TASK DESCRIPTION → Starting from the line that holds "Furla geantă crossbody", print each remaining line of the entries exactly, ending with the last.

GIVEN RECORDS →

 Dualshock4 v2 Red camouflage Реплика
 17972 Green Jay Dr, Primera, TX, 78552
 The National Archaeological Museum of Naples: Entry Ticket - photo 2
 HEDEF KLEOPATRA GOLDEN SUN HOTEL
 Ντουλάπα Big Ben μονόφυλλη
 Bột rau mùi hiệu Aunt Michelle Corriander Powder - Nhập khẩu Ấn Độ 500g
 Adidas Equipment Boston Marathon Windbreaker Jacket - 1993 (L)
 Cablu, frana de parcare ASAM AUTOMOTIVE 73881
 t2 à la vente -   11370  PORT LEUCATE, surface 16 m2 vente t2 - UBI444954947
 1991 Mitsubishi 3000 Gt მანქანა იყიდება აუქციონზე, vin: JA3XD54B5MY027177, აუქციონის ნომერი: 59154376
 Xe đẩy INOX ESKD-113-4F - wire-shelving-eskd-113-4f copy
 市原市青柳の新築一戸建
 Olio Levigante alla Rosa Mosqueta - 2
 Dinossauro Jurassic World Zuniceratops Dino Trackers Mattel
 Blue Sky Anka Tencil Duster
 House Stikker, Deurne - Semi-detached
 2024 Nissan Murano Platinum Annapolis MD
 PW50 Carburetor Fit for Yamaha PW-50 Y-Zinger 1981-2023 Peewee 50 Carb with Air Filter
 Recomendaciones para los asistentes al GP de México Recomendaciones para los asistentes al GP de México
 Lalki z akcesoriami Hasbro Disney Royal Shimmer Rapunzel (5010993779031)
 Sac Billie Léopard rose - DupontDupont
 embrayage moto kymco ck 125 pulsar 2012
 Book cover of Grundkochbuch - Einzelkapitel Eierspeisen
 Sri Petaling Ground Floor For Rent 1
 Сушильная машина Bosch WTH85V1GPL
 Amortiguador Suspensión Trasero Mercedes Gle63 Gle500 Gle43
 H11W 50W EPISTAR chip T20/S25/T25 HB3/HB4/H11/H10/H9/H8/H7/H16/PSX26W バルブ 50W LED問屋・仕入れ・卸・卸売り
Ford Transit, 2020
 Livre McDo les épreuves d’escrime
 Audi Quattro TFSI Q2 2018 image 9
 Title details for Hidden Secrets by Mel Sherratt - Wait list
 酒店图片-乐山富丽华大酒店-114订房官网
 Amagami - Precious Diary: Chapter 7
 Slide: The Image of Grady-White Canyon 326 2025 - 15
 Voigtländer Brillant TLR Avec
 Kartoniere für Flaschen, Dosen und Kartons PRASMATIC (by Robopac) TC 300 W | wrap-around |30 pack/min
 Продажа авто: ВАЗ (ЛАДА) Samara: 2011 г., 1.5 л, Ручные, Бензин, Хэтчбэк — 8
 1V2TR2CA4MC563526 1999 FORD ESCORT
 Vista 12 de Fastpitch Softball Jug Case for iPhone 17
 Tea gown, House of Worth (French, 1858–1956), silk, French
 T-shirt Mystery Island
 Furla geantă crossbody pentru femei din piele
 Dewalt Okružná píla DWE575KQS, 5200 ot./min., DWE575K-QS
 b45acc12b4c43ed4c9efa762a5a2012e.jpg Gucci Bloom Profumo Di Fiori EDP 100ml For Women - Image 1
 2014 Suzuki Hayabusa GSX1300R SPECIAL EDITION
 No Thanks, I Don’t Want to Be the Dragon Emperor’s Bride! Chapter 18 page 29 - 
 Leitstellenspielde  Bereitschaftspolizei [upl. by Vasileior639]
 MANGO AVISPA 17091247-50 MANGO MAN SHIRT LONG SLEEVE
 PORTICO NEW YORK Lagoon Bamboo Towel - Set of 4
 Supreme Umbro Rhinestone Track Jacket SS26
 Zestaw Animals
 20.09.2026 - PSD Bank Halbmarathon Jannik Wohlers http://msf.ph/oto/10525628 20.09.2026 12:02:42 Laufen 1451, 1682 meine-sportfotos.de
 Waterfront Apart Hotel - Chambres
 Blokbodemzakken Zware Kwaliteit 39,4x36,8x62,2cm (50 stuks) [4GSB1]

OUTPUT →
 Furla geantă crossbody pentru femei din piele
 Dewalt Okružná píla DWE575KQS, 5200 ot./min., DWE575K-QS
 b45acc12b4c43ed4c9efa762a5a2012e.jpg Gucci Bloom Profumo Di Fiori EDP 100ml For Women - Image 1
 2014 Suzuki Hayabusa GSX1300R SPECIAL EDITION
 No Thanks, I Don’t Want to Be the Dragon Emperor’s Bride! Chapter 18 page 29 - 
 Leitstellenspielde  Bereitschaftspolizei [upl. by Vasileior639]
 MANGO AVISPA 17091247-50 MANGO MAN SHIRT LONG SLEEVE
 PORTICO NEW YORK Lagoon Bamboo Towel - Set of 4
 Supreme Umbro Rhinestone Track Jacket SS26
 Zestaw Animals
 20.09.2026 - PSD Bank Halbmarathon Jannik Wohlers http://msf.ph/oto/10525628 20.09.2026 12:02:42 Laufen 1451, 1682 meine-sportfotos.de
 Waterfront Apart Hotel - Chambres
 Blokbodemzakken Zware Kwaliteit 39,4x36,8x62,2cm (50 stuks) [4GSB1]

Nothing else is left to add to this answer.